CHAPTER XX
HIS little campaign over, Horace Chase made his preparations for returning to Florida. These consisted in hastily throwing into a valise the few things which he had brought with him, and ringing the bell to have a carriage called so that he could catch the midnight train. As he was stepping into this carriage, a telegram was handed to him. "Hold on a minute," he called to the driver, as he opened it. "We are on our way to Savannah," he read. "You will find us at the Scriven House. Ruth not well." And the signature was "Dora Franklin." "Drive on," he called a second time, and as the carriage rolled towards the station he said to himself, "That Dolly! Always trying to make out that Ruth's sick. I guess it's only that she's tired of Florida. She wanted to leave when I came north; asked me to take her."
But when he reached Savannah, he found his wife if not ill, at least much altered; she was white and silent, she scarcely spoke; she sat hour after hour with her eyes on a book, though the pages were not turned. "She isn't well," Dolly explained again.
"Then we must have in the doctors," Chase answered, decisively. "I'll get the best advice from New York immediately; I'll wire at once."
"Don't; it would only bother her," objected Dolly. "They can do no more for her than we can, for it is nothing but lack of strength. Take her up to L'Hommedieu, and let her stay there all summer; that will be the best thing for her, by far."
"That's the question; will it?" remarked Chase to himself, reflectively.
"Do I know her, or do I not?" urged Dolly. "I have been with her ever since she was born. Trust me, at least where she is concerned; for she is all I have left in the world, and I understand her every breath."

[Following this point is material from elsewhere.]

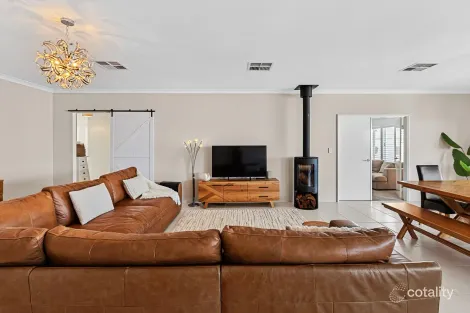 Property photo of 20 Moonlighter Way Yanchep WA 6035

"Of course I know you think no end of her," Chase answered. But he was not satisfied; he went to Ruth herself. "Ruthie, you needn't go to Newport this summer, if you're tired of it; you can go anywhere you like, short of Europe (for I can't quite get abroad this year). There are all sorts of first-rate places, I hear, along the coast of Maine."
"I don't care where I go," Ruth answered, dully, "except that I want to be far away from—from the tiresome people we usually see."
"Well, that means far away from Newport, doesn't it? We've been there for two summers," Chase answered, helping her (as he thought) to find out what she really wanted. "Would you like to go up the lakes—to Mackinac and Marquette?"